La oración es el
primer recurso que nos ayuda a encontrar luces más claras en kis tiempos de
confusión.
Por: Fr. Nelson Medina O.P. | Fuente: fraynelson.com
PREGUNTA
Querido Padre; gracias por su perseverancia
enseñándonos. Hoy quiero preguntarle algo que tal vez es sólo personal o tal
vez le pasa a mucha gente. En mi parroquia nos recuerdan con frecuencia que hay
que orar por los sacerdotes, por el obispo y por el Papa. Digamos que en
principio estoy de acuerdo, ni más faltaba. Pero a veces, o muchas veces, me
siento una hipócrita porque oro sin ganas. Lo que sucede es que he tenido
muchas decepciones con sacerdotes, incluyendo un caso de un primo mío que no es
de contar en público. Y este Papa a veces me gusta pero otras veces me confunde.
A veces lo siento valiente y otras creo que se acobarda ante otros obispos o
cardenales. Me imagino y que estoy juzgando y que soy lo peor del mundo pero
eso es exactamente lo que siento.
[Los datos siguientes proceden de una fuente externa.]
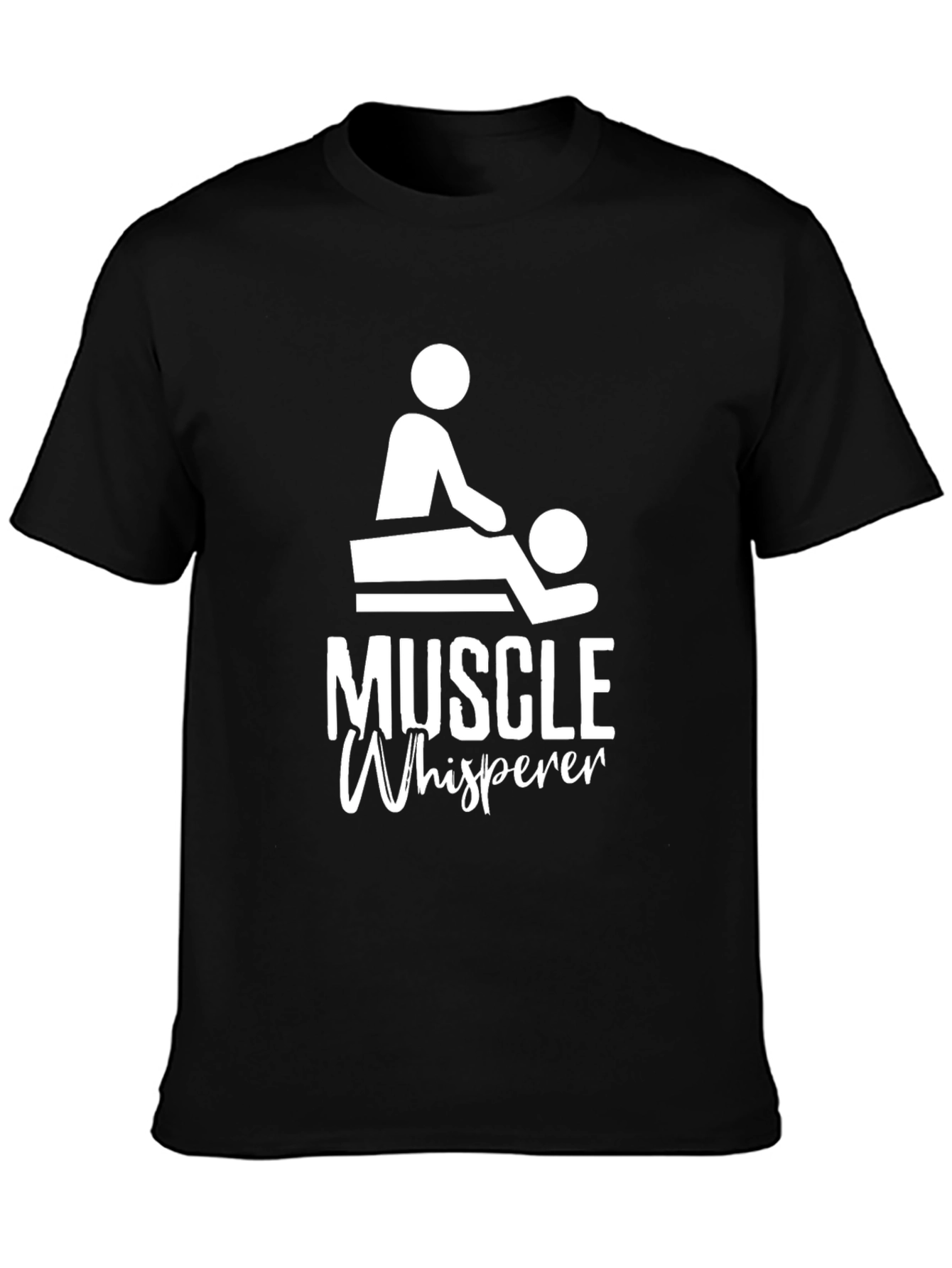 Muscle Whisperer Graphic T-Shirt - 3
Entonces la pregunta es si debe orar sin
ganas y cuando siento que soy la peor hipócrita del mundo. Por favor, no
publique mi nombre.
RESPUESTA
Un buen punto de partida es recordar que la
oración no es un simple ejercicio de nuestra emocionalidad: no debemos
compararla demasiado con una catarsis o con la simple expresión de nuestra
subjetividad. Para expresar lo que somos y sentimos no necesitaríamos de un "Dios" a quien hablarle: bastaría conversar con un amigo o escribir algo en un
diario bien llevado.
La oración entonces es ante todo DIÁLOGO, y ello implica abrirnos a la Palabra de
Dios, que es quien inicia tal encuentro y conversación. La iniciativa es
siempre suya. Esa Palabra nos ilumina, cuestiona, transforma. Esa Palabra no
tiene que aprobar todo lo que sentimos pero también es verdad que resulta
eficaz para levantarnos en momentos de duda o fracaso--precisamente porque no
es una Palabra que nos damos a nosotros mismos.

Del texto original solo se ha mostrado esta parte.